By 2025, opponents weren’t surprised anymore. Opposing HBCU coaches game-planned him. They shifted protections. They tried to avoid his side. Jones responded by accepting a role that interior linemen understand well: do the dirty work, even when the stats don’t reward you.

“If you don’t double me and you try to run the ball, that’s my play to make,” he said. “If you do double me, I know my linebackers are free.”

Then came the other part — the part that made him famous.

Jones kept asking coaches to let him run. They laughed it off at first.

“They like, ‘typical Dave,’” he said. “I’m always having fun at practice. I’m going to bring a smile with everybody.”

Then the idea became real. One day in practice, they put it in. Jones scored in an inside drill.

“Coach Gilbert was like… it’s so natural, he didn’t even know I had the ball,” Jones recalled.

The package debuted after a brief delay. The coaches initially considered it for Bowie State, but didn’t like the defensive looks. So they waited — then pulled it out against Lincoln.

Jones scored his first touchdown. Then he kept scoring.

Williams confirmed Jones finished with three rushing touchdowns — against Virginia-Lynchburg, Elizabeth City State, and Lincoln — and that he tied for second on the team in rushing TDs.

It wasn’t a joke anymore. It was production.

Betting on himself — again

Now Jones is taking the next step, transferring to Mississippi Valley State. For Jones, it’s not a rejection of Livingstone College. It’s a continuation of his belief in himself.

“This will be my third school I’m going to,” he said. “All I know is, okay, Dave, you gotta go bet on yourself.”

He said the move was made with respect for his coaches — and with honesty about the reality of modern football.

“I’m just trying to really go feed my family,” he said. “Football, really a business right now.”

There was also a practical layer. He acknowledged what most Division II athletes know.

“In D2… it’s not really no full ride,” Jones said.

At Valley, he said, that changes. A full scholarship is a different baseline. And if NIL opportunities come, they’re part of the landscape.

Williams sees it as a double-edged sword — difficult for programs like Livingstone, but potentially life-changing for players.

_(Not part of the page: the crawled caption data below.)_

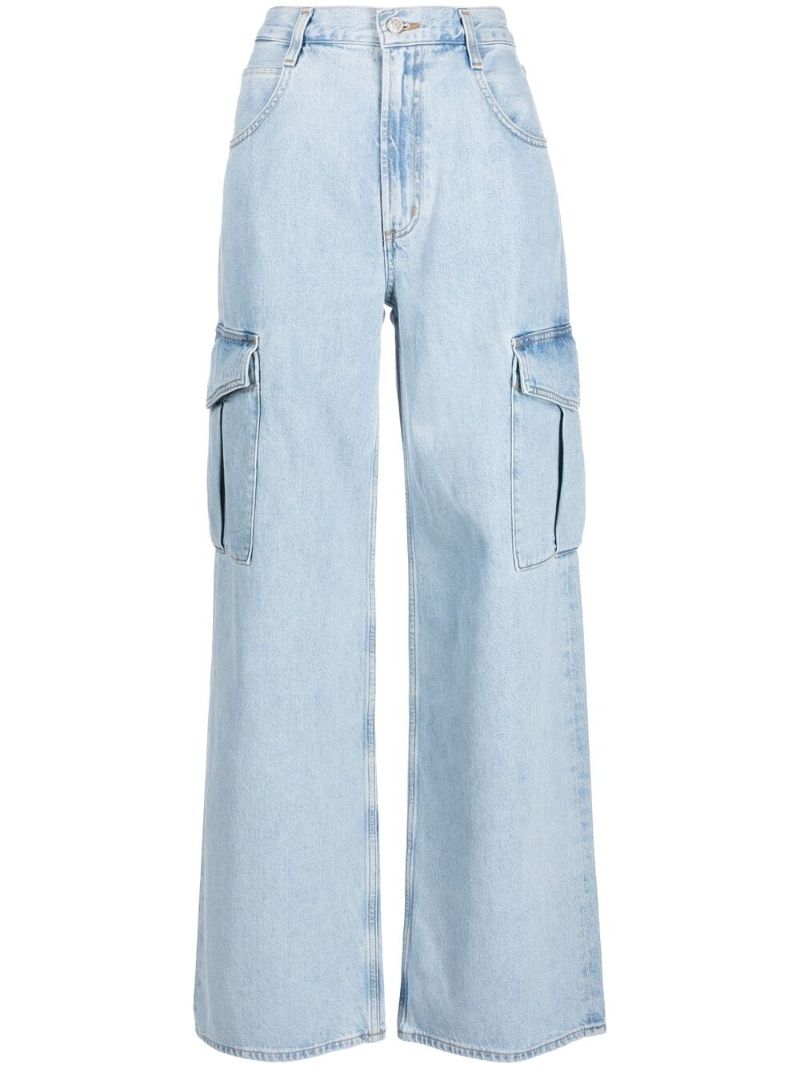 Blue Wide-leg  Cargo Jeans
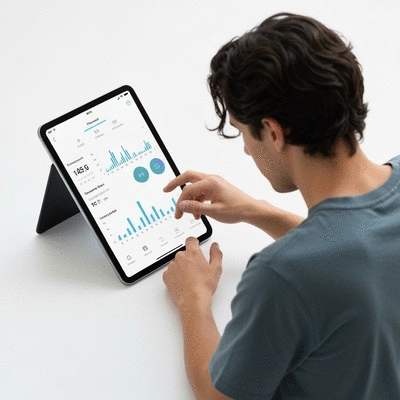 Person tracking fitness progress on a tablet or smartphone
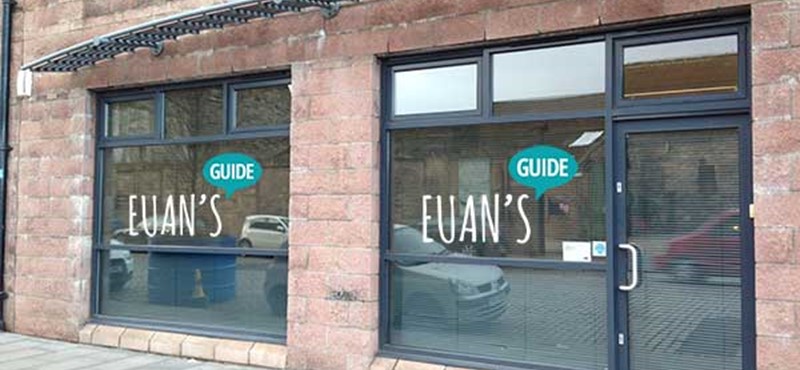 A photo the outside of Euan's Guide office.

“Some of these kids are able to change their families’ lives,” Williams said. “If that happens to mean that they have to go somewhere else, we’ve done our job.”

Jones is also approaching the move to a new HBCU like a reset. He said he wants to drop weight and arrive in the best shape of his life, targeting 330 to 335.

“I really want to perfect my craft,” he said. “A good person does it one time… a great person does it until you can’t get it wrong.”

That line fits him. Because the viral clip was one moment. The real story is repetition — the emails, the work, the waiting, the belief, the humility, the constant decision to try again.

And in the ecosystem of HBCU football, that’s the kind of journey that travels farther than a highlight ever will.